2009-06-23

Umsturz? Stimmt, da hinten, der Sack Reis da...

[info]greensaki hat mich gestern während einer kleinen icq-diskussion über The Zeitgeist Movement ausgequetscht, insofern sie den Eindruck hatte, ich hätte über manches nicht genug nachgedacht. Zumindest habe ich bisher versäumt, eine Art schlüssiges Gesamtkonzept vorzulegen. Dies zum Teil, weil mein Gehirn gerade eben umstellt von „ich-sehe-wo-und-warum-die-Kacke-am-dampfen-ist-aber-ich-komm-hier-nicht-raus“ auf ein nach vorn gerichtetes Denken. Zum Teil auch, weil dafür dreimal so lange Einträge erforderlich wären, die noch weniger Leute lesen und deren Inhalte ohnehin besser durch Primärquellen und Wiki-Einträge dargestellt wären. Ich möchte außerdem nicht den Eindruck erwecken, ich wäre seit neuestem auf irgendeinem esoterischen Guru-Trip, um meine und eure arme Seele zu retten. Das liegt mir fern.

Es geht hier nicht um Gefolgschaft, um Meinungen oder Glaubensfragen, um Interessen oder Politik.
Die Grundlage von Zeitgeist ist Bildung, denn die ermöglicht es, wissenschaftliche Methoden auf Gesellschaftsgestaltung und Entscheidungsfindung anzuwenden. Herauszufinden, was wirklich wichtig für mich als einzelnes Lebewesen ist, aber auch für jede Stufe von Gemeinschaft. Bis hin zur Ökosphäre.
Daher wäre es besser, meine Leser holten sich ihre Information nicht aus zweiter Hand (von mir), sondern ließen sich nur anregen, bei Interesse an die Quellen selbst zu gehen.
Aber ich akzeptiere natürlich, dass die Mehrzahl auf dieser Site hier bleiben möchte und sich mit ein paar Happen ausreichend darüber in Kenntnis gesetzt fühlt, was der olle Pax mit dem Rest seines Lebens anzustellen gedenkt.
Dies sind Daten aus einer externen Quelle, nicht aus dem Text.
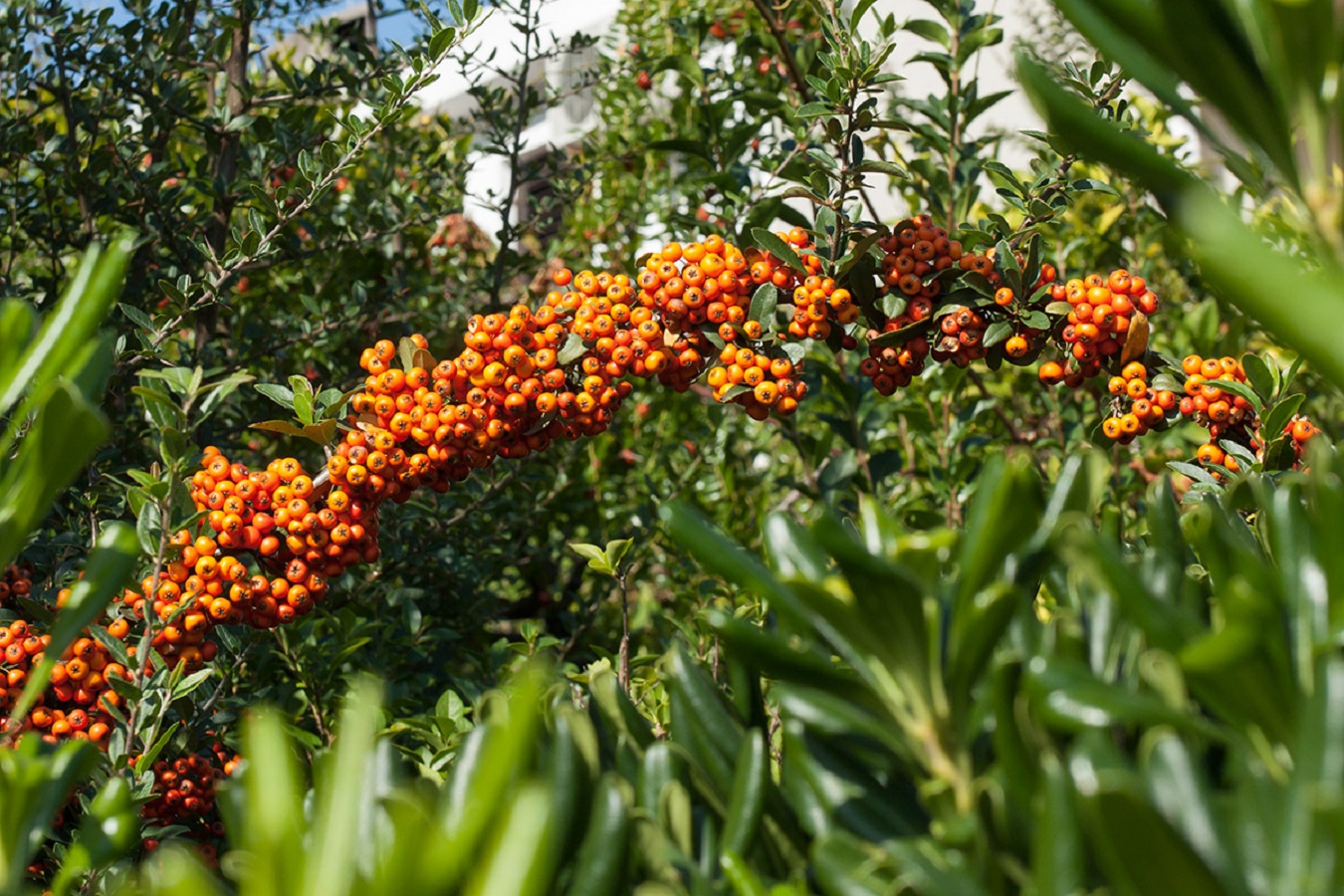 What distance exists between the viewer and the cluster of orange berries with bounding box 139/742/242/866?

Eigentlich hatte ich vor, eine kleine SciFi-Story draus zu machen. Die erschien mir angesichts der Komplexität des Themas anschließend so banal, dass ich sie – zumindest ohne Gegenlesung und auf Unterhaltung getrimmte Schreibe – für untauglich halte. Bleiben wir bei den Fakten, während ich versuche, einen über Jahrzehnte entwickelten Entwurf in begreifbare Stücke zu zerlegen. Es geht um nichts weniger, als eine völlige Neugestaltung, die sämtliche bisher für selbstverständlich erachteten Institutionen, Gebräuche und Denkweisen auf den Prüfstand stellt und in sehr vielen Fällen obsolet macht.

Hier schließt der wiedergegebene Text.